Director – Woody Allen

Starring – Woody Allen, Diane Keaton, and Tony Roberts

I know, I know, it seems like sacrilege that a film student, and self professed movie fan like myself, has never seen Annie Hall (till now of course), but somehow I’ve managed to live my entire life never having seen a Woody Allen movie until just this last year.  In the time leading up to this year I’ve heard so much praise lumped on Woody Allen, that I started going out of my way to avoid his movies, the one exception being part of Hollywood Ending that I saw while on a trans-Atlantic flight.  Needless to say I started to grow a bit of chip on my shoulder about him, but now that I can finally legitimately weigh in on a couple examples of his work I have to say that I don’t get what most of the hype was about.

Annie Hall, like a lot of his work is a little too self obsessed for my liking.  Allen’s nervous delivery doesn’t really work for me, and the stories that his characters are entangled in are decidedly unrealistic and predicated on the aforementioned neuroses.  Of the few Allen pictures that I’ve seen (Manhattan Murder Mystery, Crimes and Misdemeanors, Manhattan, and now Annie Hall), all are filled with characters who never have to work, never have any real responsibilities, and seemingly don’t interact like any people that I have ever seen, met, or heard of.  Each of them has a loose story strung together with numerous instances of Allen and the gang sitting around talking.  That’s it.  No action.  No plot.  Nothing.

A few things that I really did enjoy about Annie Hall: 

1. The parts when Woody would interact with us, the audience, by breaking the fourth wall by giving us some insight into the characters and changing up the humor.  These moments always provided the most laughs and the most interesting camera work (use of split screens, sight gags, steady cam, slapstick humor, etc.), and provided a respite from the monotony of the rest of the film.

2. Seeing younger versions of actors that I know from later films (Jeff Goldblum, Shelley Duvall, Paul Simon, and Christopher Walken).
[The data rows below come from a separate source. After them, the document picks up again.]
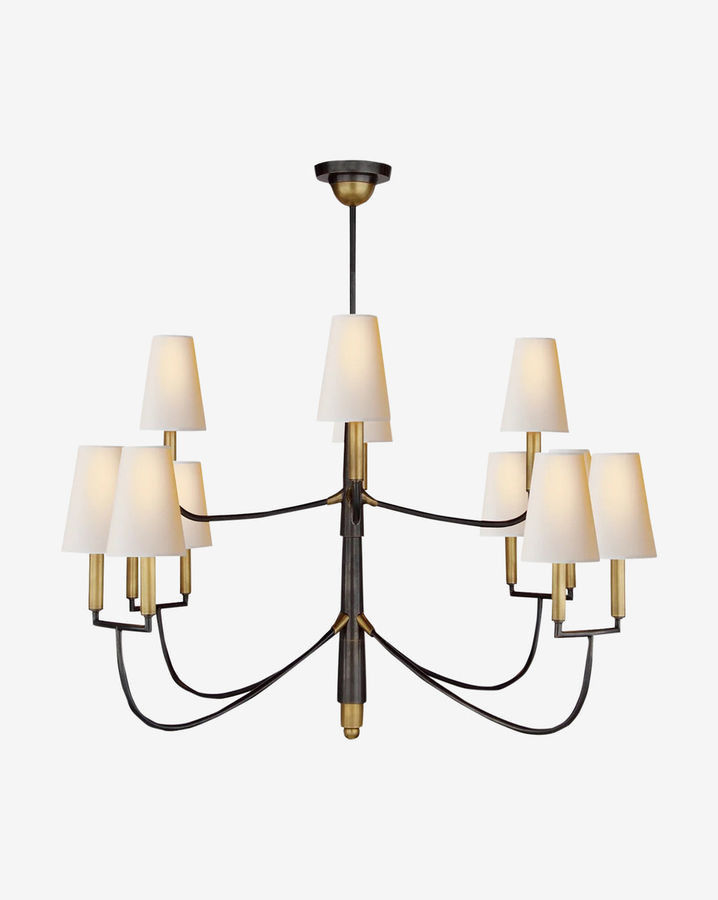 Farlane Chandelier added by Spoak Member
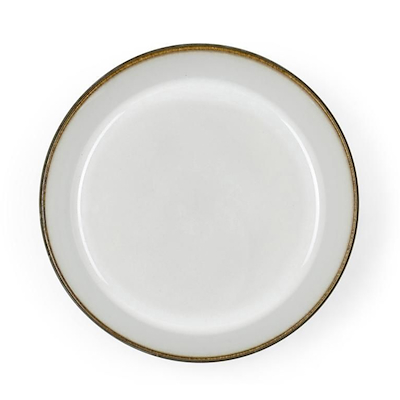 Bitz Gastro suppeskål grå/creme 18 cm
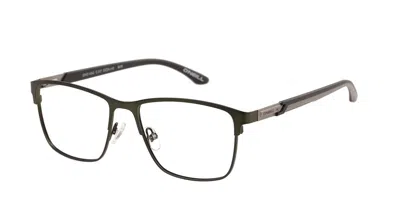 O'neill Ono 4562 007 Men's Glasses Green Size 53 - Free Lenses - Blue Light Block Available In Brown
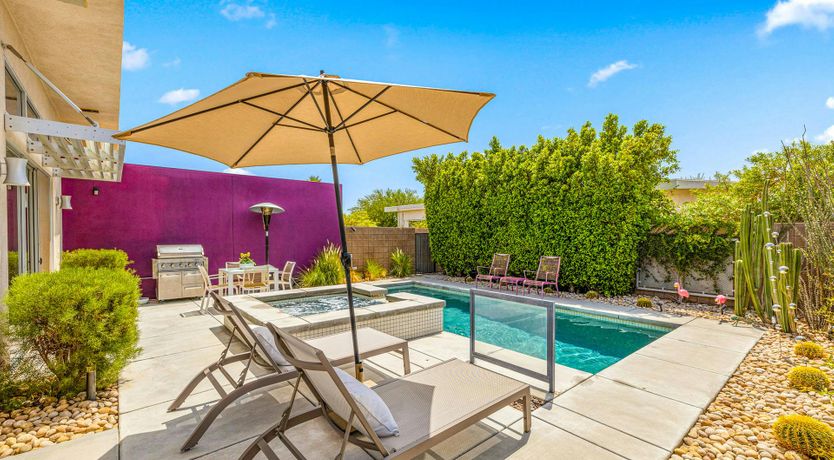 Photo of Desert Blossom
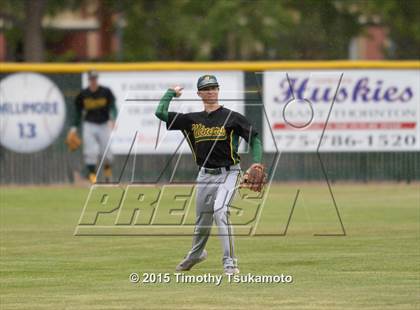 Thumbnail 2 in Manogue @ Reno (NIAA D1 North Semifinal) photogallery.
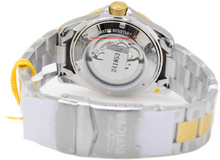 Load image into Gallery viewer, Invicta Pro Diver Pave Crystal Gold Two Tone Japan Automatic 43mm Watch 50283
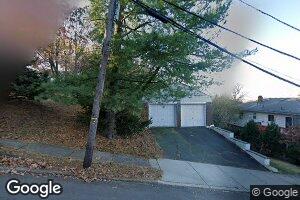 603 Sketch Place S, Ridgefield, NJ 07657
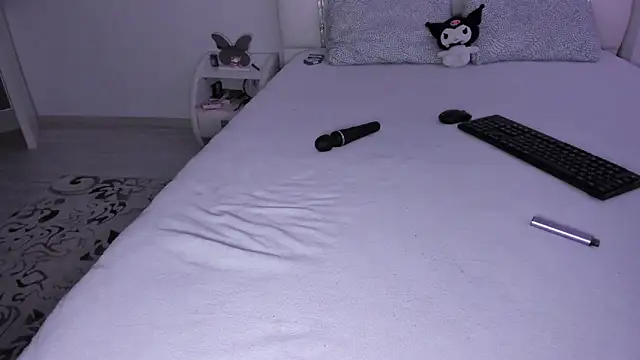 ScarlettJakobs webcam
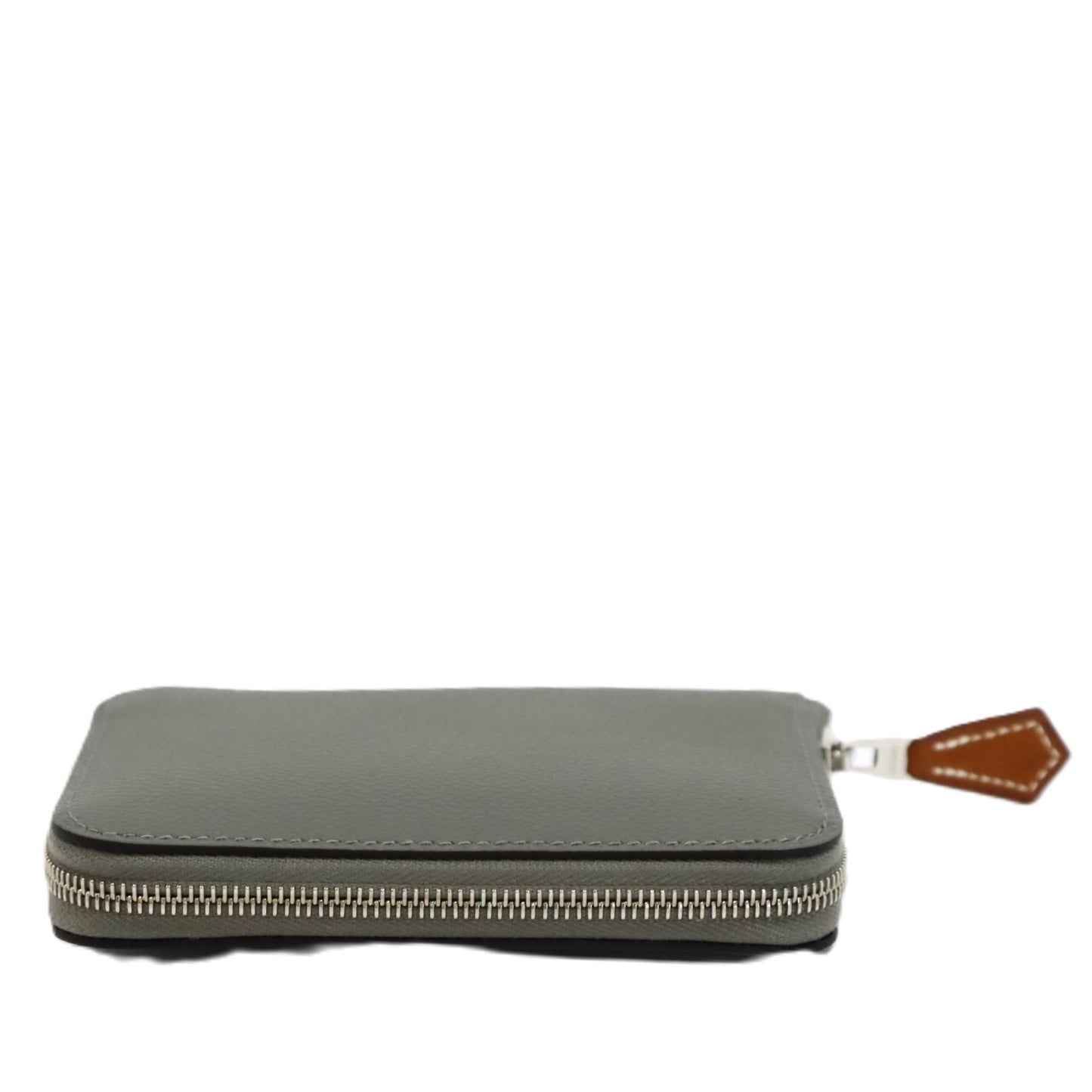 HERMES SILK IN COMPACT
3. Allen’s obvious love for movies.  I love movies too, so I can certainly get behind his references to Truffaut, Bergman, The Sorrow and the Pity, and litany of other nods and winks to the greatest art-form around. 

I should note that I do not like Diane Keaton at all.  I thought she was a bad choice for the Godfather, I am completely uninterested in her recent stable of romantic comedy drivel, and she is a huge reason for why I have avoided Woody Allen so far.  Needless to say, that my favorite Woody Allen film so far has been the one that she wasn’t in (Crimes and Misdemeanors).  I’m not sure I have a very rational reason for disliking her as much as I do, but regardless the likability of actors IS a factor in what I think of the movies that I see.  

Of the 4 different Woody Allen films that I have seen, I would place Annie Hall at number 3 behind the fantastic Crimes and Misdemeanors, and the beautiful Manhattan, but way far ahead of the piece of shit Manhattan Murder Mystery.  Now, most would say that I don’t really like Woody Allen’s comedies, and I would agree, however that doesn’t mean that I’m not looking forward to seeing more.  For some reason or another, the anticipation of seeing something that everyone else respects and loves is enough, so long as Diane Keaton isn’t in all of them.

Final thoughts:  Woody Allen seems to have built a career on re-making the same three movies over and over again (Neurotic Comedies, Ingmar Bergman Rip-offs, and his New York love letters).  One I love, one I absolutely hate, and the third I don’t particularly crave, but I enjoy watching anyway.